Telegramユーザー ──▶ Telegram Bot ──▶ Gateway ──▶ Agent ──▶ 同じDB
Webユーザー ──▶ WebSocket ──▶ Gateway ──▶ Agent ──▶ 同じDB
いずれかのチャンネルに記録されたものは同じPostgreSQLデータベースに保存されるため、ウェブで書いたメモをTelegramから取得したり、その逆も可能です。

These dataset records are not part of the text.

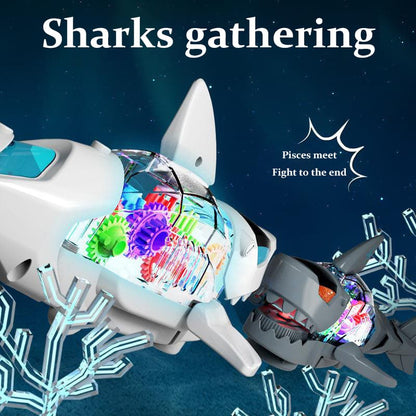 Electric Gear Simulated Shark with Lights, Music, and Universal Movement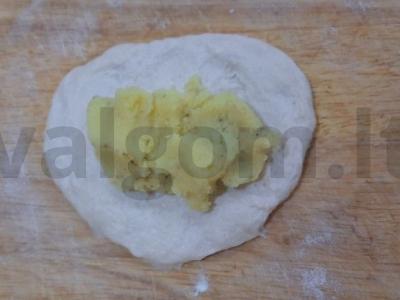 Kepti pyragėliai su bulvėmis Žingsnis 13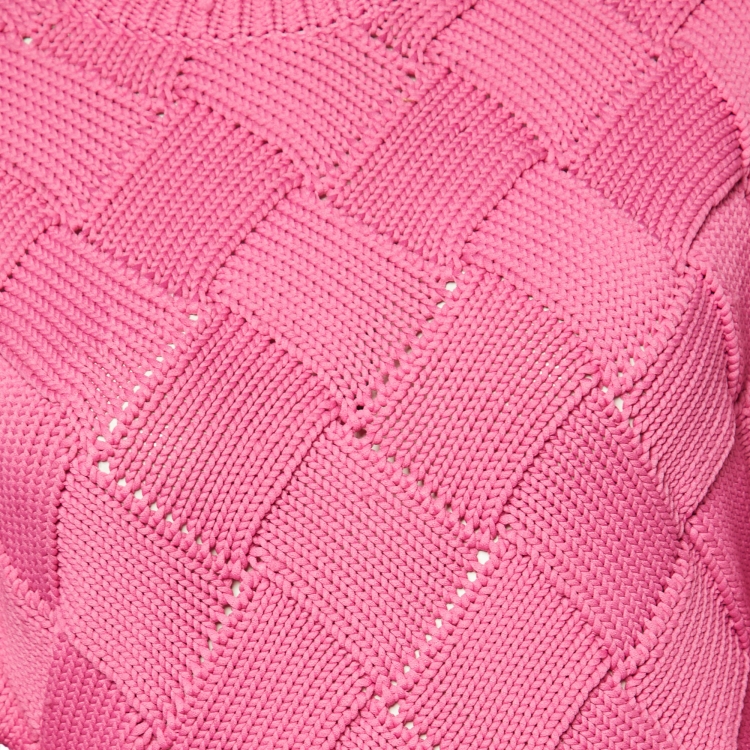 مملوكة مسبقًا Herve Leger Pink Bandage Weave Mini Dress XS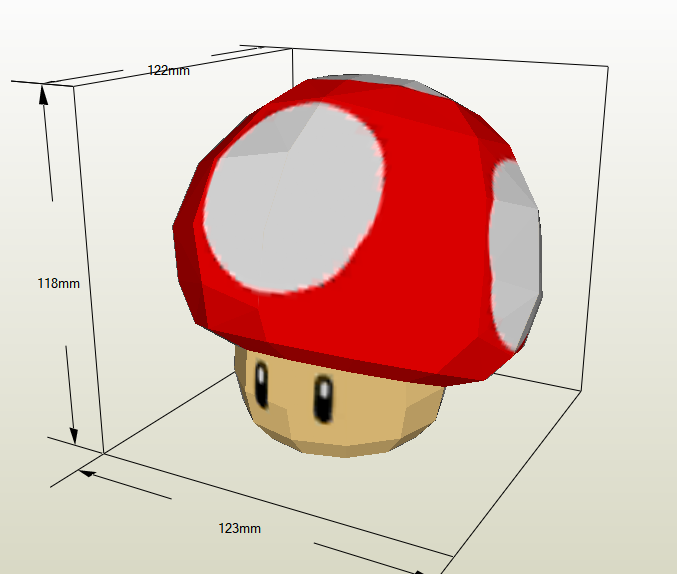 HOngo mario bros papercraft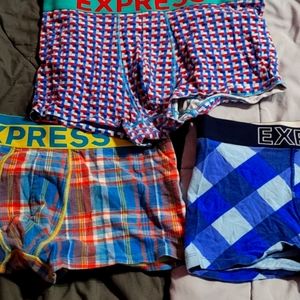 3 pair Express brand trunks style underwear.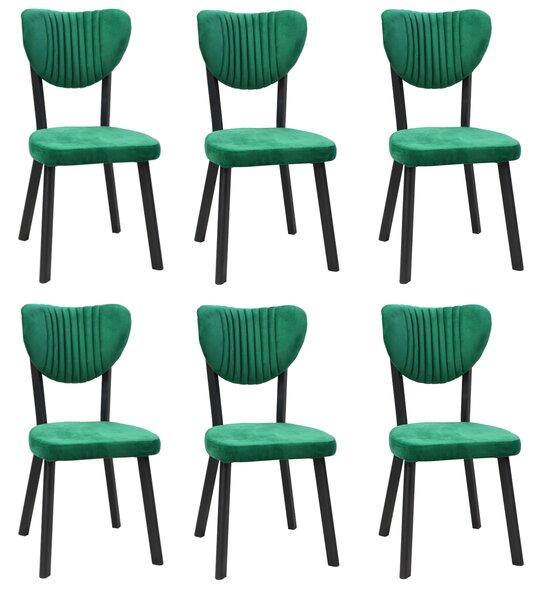 Set 6 Scaune Elite Verde
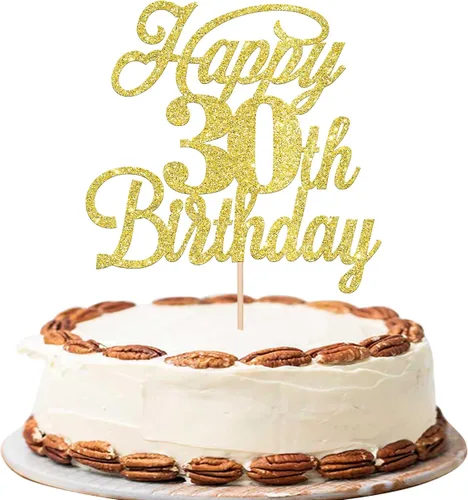 Miniatura 37 de Rsstarxi 1 paquete de decoración para tarta de cumpleaños 8 con purpurina negra de 8 años y fabulosos saludos a 8 años de edad, para celebrar el 8º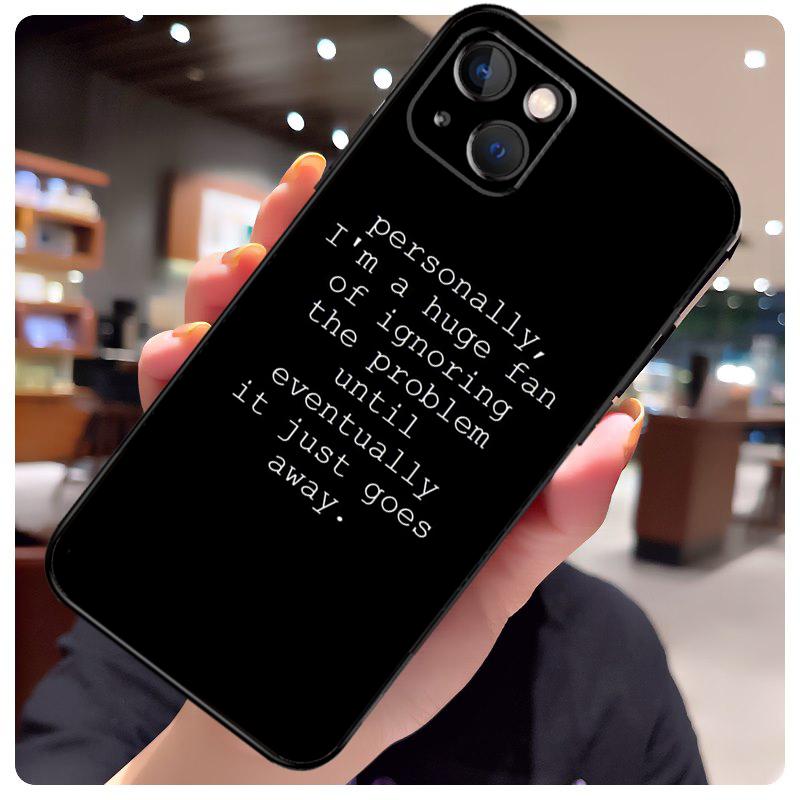 Teen Wolf Quotes Case For iPhone 13 Pro Max 16 15 11 12 14 17 Pro Max mini 15 16 Plus 16e 17 Air Phone Cover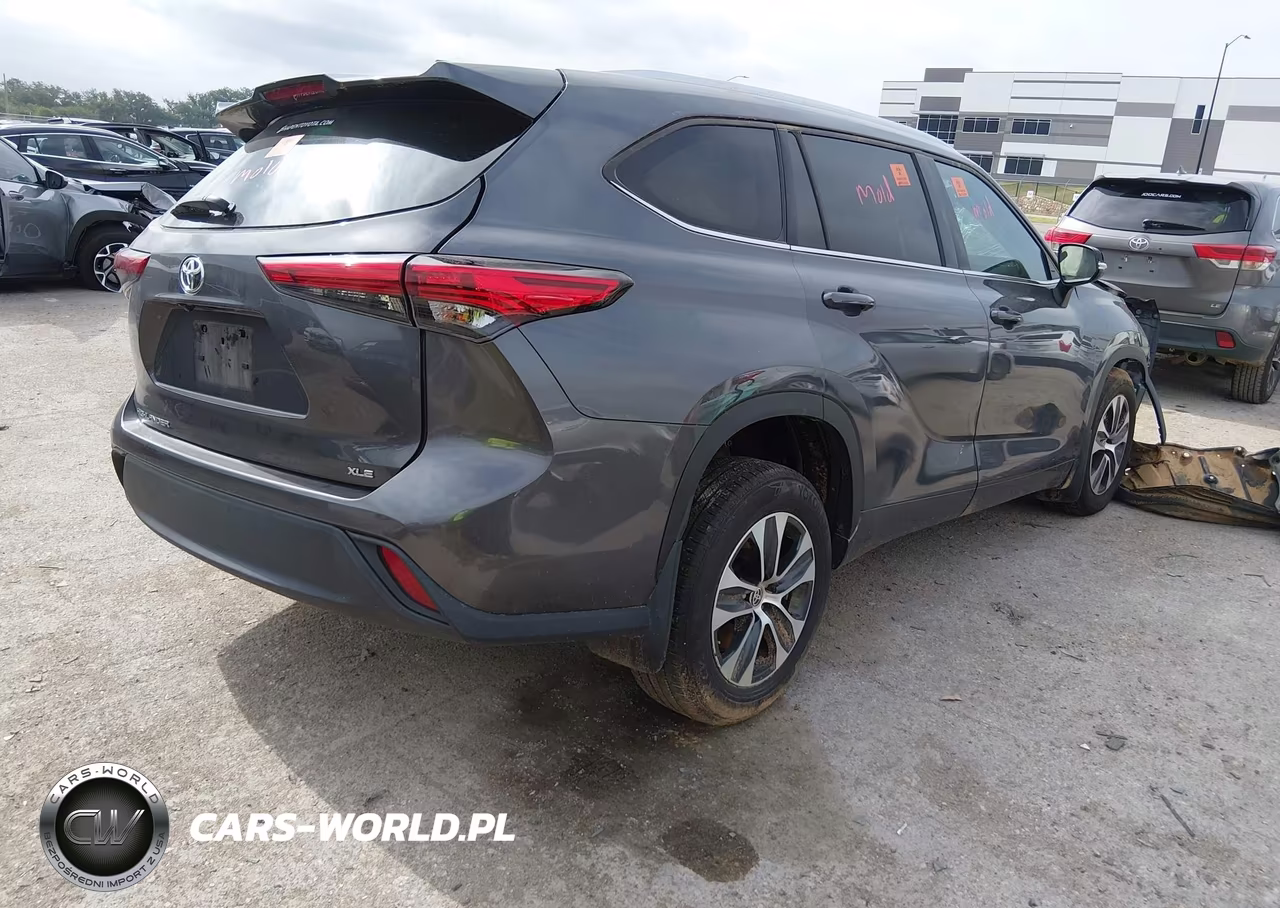 2021 Toyota Highlander Xle VIN:5TDGZRAH9MS080883 - 4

各チャンネルのメッセージは platform フィールドで識別されます:web、telegram。
4層RAGメモリシステム
Agentが過去の記録を参照する際に使用する4層メモリ構造です。
クエリ:「先週何を食べた?」
レイヤー1:日次ログ(デイリーログベクター)
├─ 過去7日間の会話のベクター検索
└─ 食費関連エントリを抽出
レイヤー2:ナレッジベース(ナレッジベースベクター)
├─ 支出パターン分析結果
└─ よく訪れるレストランのパターン
レイヤー3:ドキュメントセクション(ドキュメントセクションベクター)
└─ アップロードされたレシートやドキュメントのインデックス化されたコンテンツ
レイヤー4:最近の財務(最近の費用記録)
└─ 最近の費用エントリの直接DBクエリ
各レイヤーから関連するコンテキストを取得してLLMに一緒に渡すことで、「先週サムギョプサルを食べたよね?」のような自然なメモリ参照が可能になります。
マルチプロバイダーLLM
Agentは複数のLLMプロバイダーをサポートしています。ユーザーはWeb UIの設定 > モデルでプロバイダーとモデルを切り替えることができます。
| プロバイダー | モデル例 | 備考 |
|---|---|---|
| Anthropic Claude | claude-sonnet-4-5、claude-haiku | 長いコンテキスト処理 |
| Google Gemini | gemini-2.0-flash、gemini-2.5-pro | 高速応答、マルチモーダル |
| OpenAI | gpt-4o、gpt-4o-mini | 高品質な応答 |
| GLM (Z.AI) | glm-4-flash、glm-4-plus | 中国語の強み |
| Ollama | llama3、mistral、qwen | 完全ローカル(インターネット不要) |
モデルとプロバイダーはWeb UIまたはCLI(starnion config models)でユーザーごとに管理できます。
セキュリティに関する考慮事項
セルフホスト設計
StarNionはセルフホスティングを前提として設計されています。
- すべての個人データ(会話、費用、日記エントリ)はユーザーのサーバーにのみ保存されます
- メッセージコンテンツはLLM API呼び出し時のみ外部サーバーに送信され、選択したLLMプロバイダーにのみ送信されます
- Ollamaを使用すると完全なオフライン操作が可能です
JWT認証
Web UIのログインはNextAuth v5によるJWT(JSON Web Token)ベースです。
- サーバーはログイン時にJWTを発行します
- 以降のすべてのAPIリクエストにトークンが含まれます
- トークンが期限切れになると再ログインが必要です
- Gatewayのトークン検証によりAPIレベルのセキュリティを保証します
PostgreSQLアドバイザリロック
PostgreSQLのセッションレベルのアドバイザリロックを使用して、Telegramボットの重複実行を防止します。これにより、同じボットトークンが2つのGatewayインスタンスによって同時にポーリングされることを防ぎます。
データの分離
各ユーザーのデータは user_id 外部キーによって完全に分離されています。あるユーザーが別のユーザーのデータにアクセスすることはできません。